In a letter to ICBs and trusts dated 19 September, chief executive of NHS England Sir James Mackey said he would personally be carrying out some of these reviews, for a ‘small number’ of systems and providers.

He added that the discussions would focus on where key priorities are, risks that need mitigation and opportunities to be ‘expedited’.

‘You should prepare for this scrutiny, ensuring that, at organisation and system level, you are ready to articulate a clear and credible financial position for the remainder of this year which delivers operational standards,’ he said.

‘Positively, all but one system has confirmed their expectation that they can deliver the operational performance targets set for this year within their financial envelopes, and so, through mid-year reviews, we look forward to exploring assumptions.’

The letter also addressed progress from the first half of the financial year, with Sir Jim saying this had been ‘astonishing’.

‘To move from a predicted end year deficit of £6bn to the system position being in balance in final plans and at Month 5, whilst at the same time, continuing to improve waiting times in electives, cancer and for emergency care, has required a herculean effort for which I am hugely grateful,’ he said.

‘As we look to the rest of this year, the pace, ambition, and determination which you have demonstrated in the first half of the year must continue.’

He called on systems to ‘maintain financial discipline’, and that there should be a continued focus on access to primary care.

‘As part of dealing with the 8am scramble, from 1 October 2025 practices will be required to keep their online consultation tool open for the duration of core hours for non-urgent appointment requests, medication queries and admin requests. ICBs should ensure practices are following these requirements,’ said the letter.

‘In addition, ICBs should also continue to support community pharmacy to meet the thresholds of performance for Pharmacy First.’

Sir Jim added that ICBs should ‘urgently ensure’ that all necessary dentistry capacity was commissioned to meet their share of the government’s manifesto commitment to deliver an extra 700,000 urgent dental care appointments.

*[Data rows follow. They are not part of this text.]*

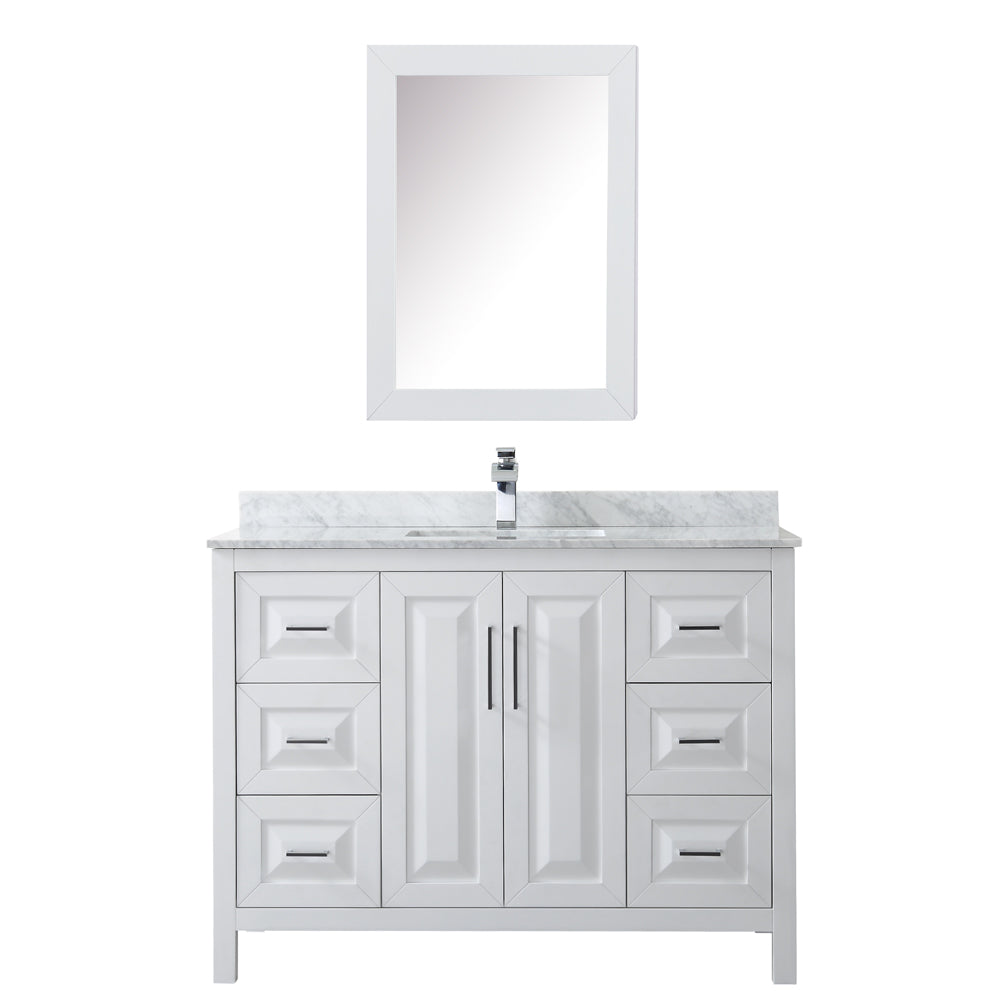 48 inch Single Bathroom Vanity, White Carrara Marble Countertop, Undermount Square Sink, and Medicine Cabinet - Luxe Bathroom Vanities Luxury Bathroom Fixtures Bathroom Furniture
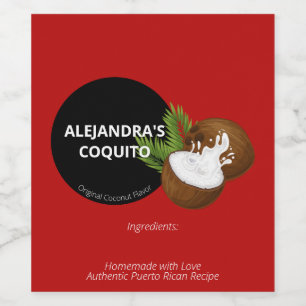 Festive Red Modern Coconut Splash Coquito Bottle Wine Label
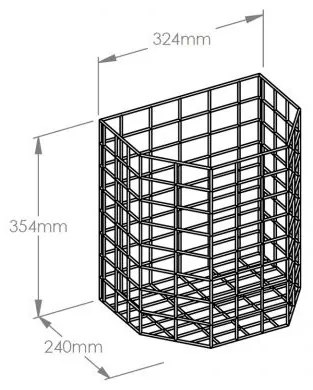 Druciany kosz na śmieci do powieszenia, 22 l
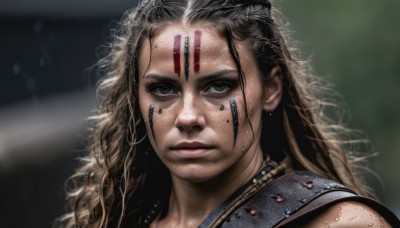 1girl,solo,long hair,looking at viewer,blonde hair,brown hair,brown eyes,jewelry,closed mouth,green eyes,earrings,armor,blurry,lips,blurry background,wavy hair,facial mark,messy hair,portrait,freckles,realistic,nose,black hair,necklace,close-up,forehead mark,headdress,facepaint,dreadlocks,tribal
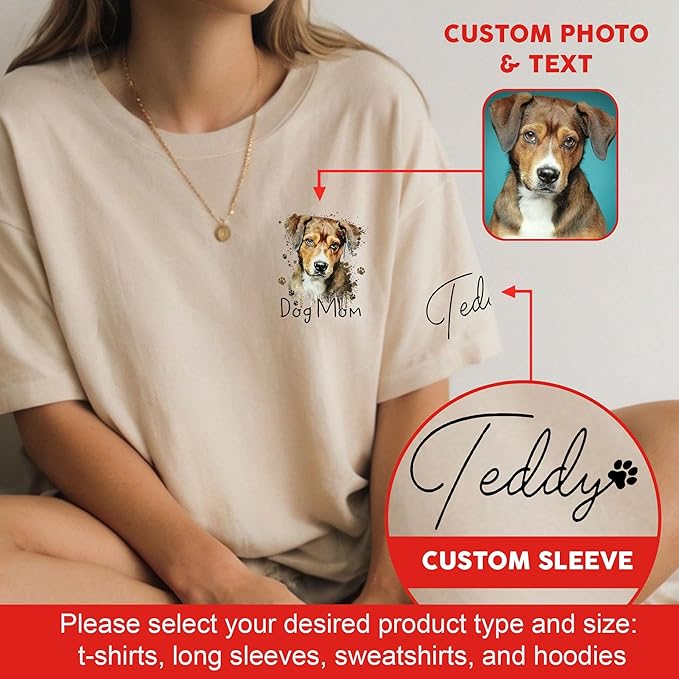 Custom Dog Mom Shirt Gifts for Women, Mother's Day Hoodie, Custom Shirt with Dog Picture for Women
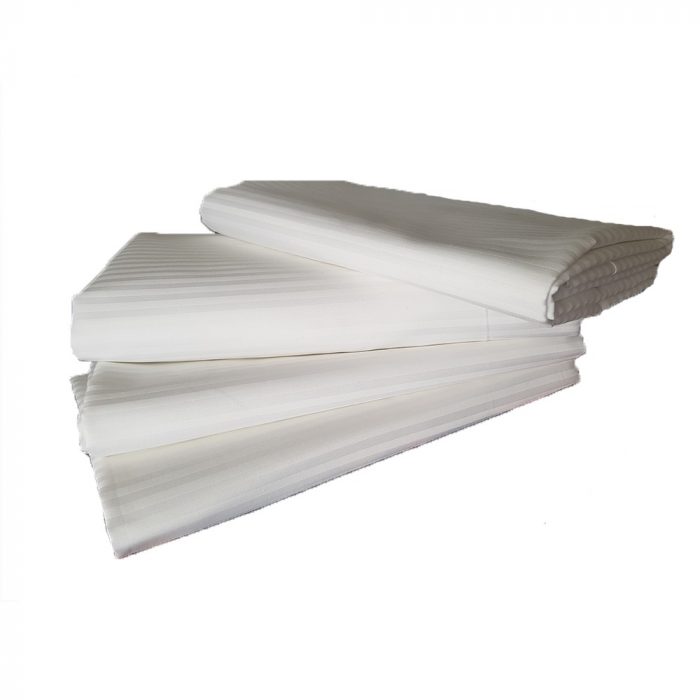 Fete de masa Best Cotton Hotel - 110x110 cm, Damasc Saten, 100% bumbac, alb, latime dungi 0.5 cm - 4 buc - imagine 2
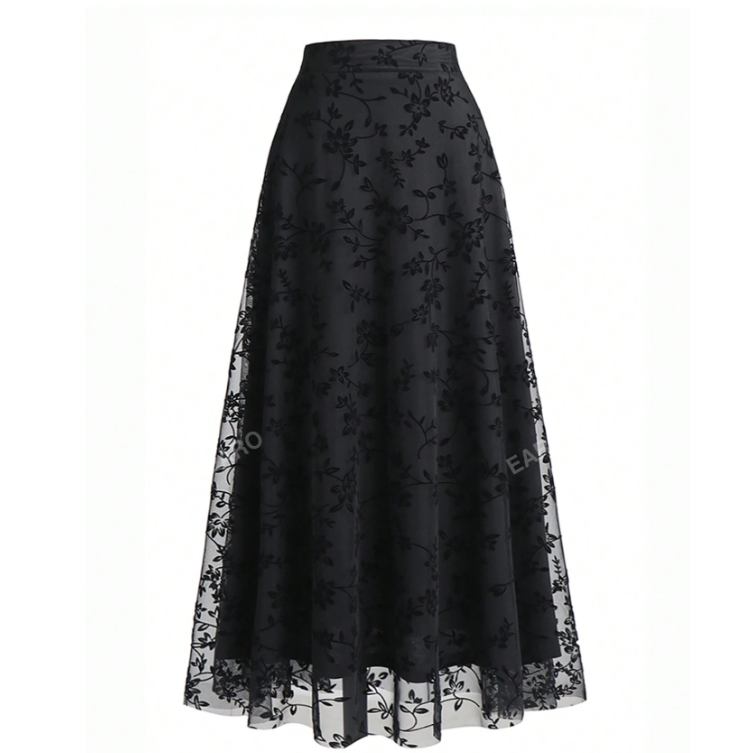 Women's Minimalist Printed Black Midi Skirt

The letter also addressed winter, thanking systems for testing their plans over the past two weeks.

Data from the UK Health Security Agency suggests that this winter may be similar to the moderate to severe scenario tested by systems in the winter planning exercise, he added.

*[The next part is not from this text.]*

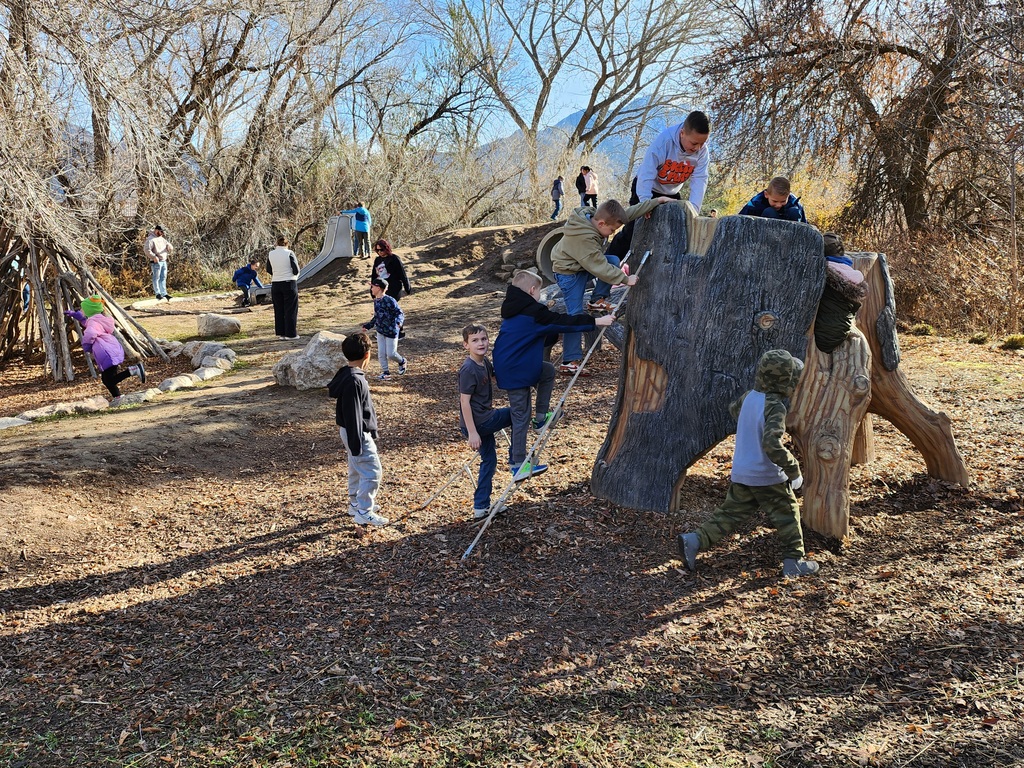 Children playing on a nature-themed playground. Several boys are climbing on a large play structure shaped like a hollowed-out log or animal. In the background, other children are using a slide and walking along a dirt path near a teepee made of branches.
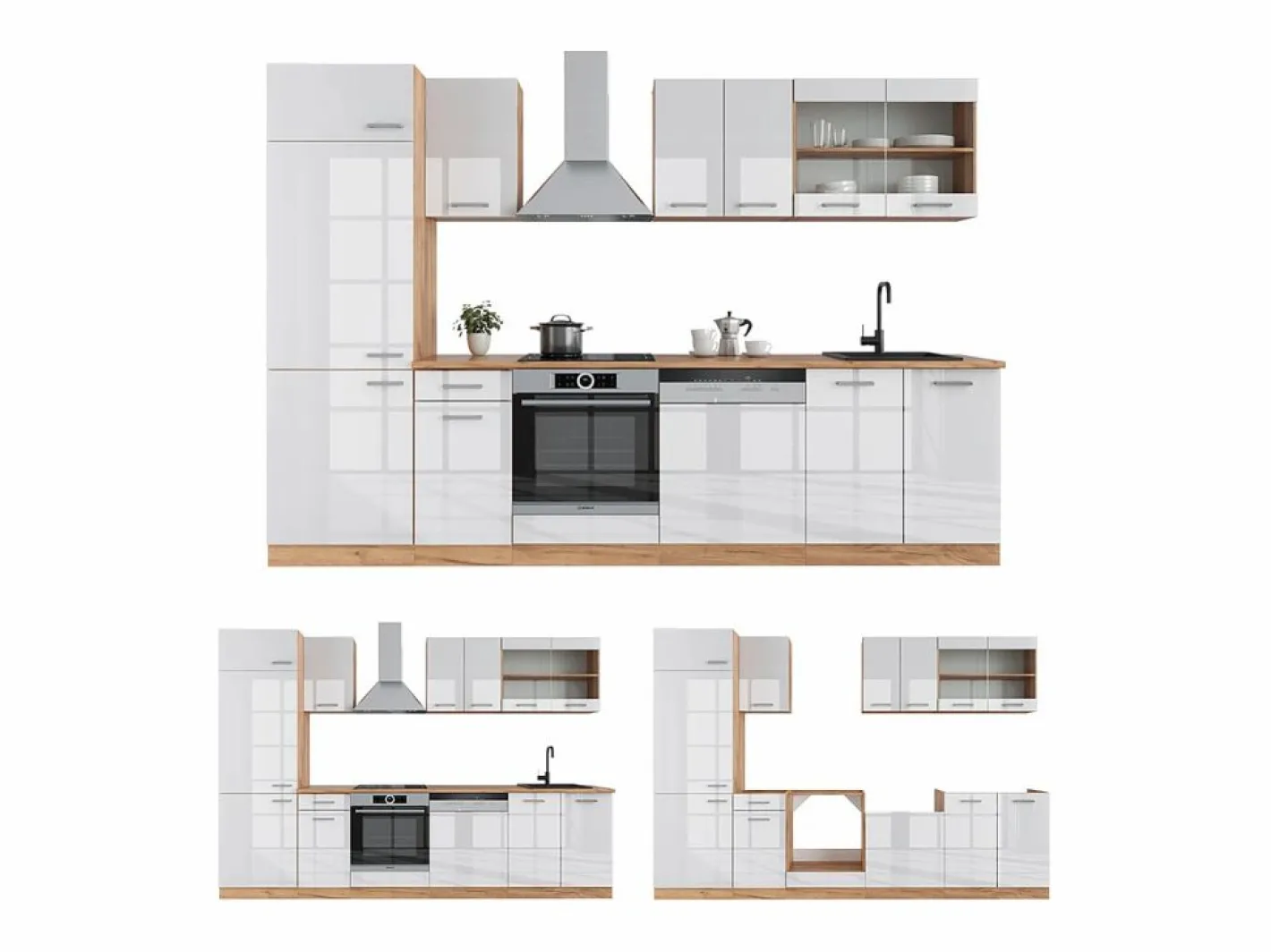 Mueble de cocina blanco brillo intenso/roble dorado 300x60x81.6 r-line^Vicco Online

‘This means that fine tuning our plans and completing preparation is critical,’ he said.

‘Over the next 2 weeks, plans must be tightened up and any gaps exposed during the exercise need to be closed, with Board Assurance Statement completed and returned by the end of September.’

Looking forward to 2026/27, Sir Jim said that technology and digital solutions were ‘vital’ for longer term transformation and that NHS England is working to build the 10 year workforce plan which will be ready ‘in the coming months’.

It comes as the joint executive team for the Department of Health and Social Care and NHS England has been announced, ahead of the teams starting to combine resources from November.

ICBs were told in March they must cut their running costs by around 50% by October 2025Plans have now been put in place to go from 42 ICBs to 26, with various clusters and mergers announced over the summer.

The most recent of these being the confirmation of six new ICBs by NHS England, abolishing 12 existing ICBs as of 1 April 2026.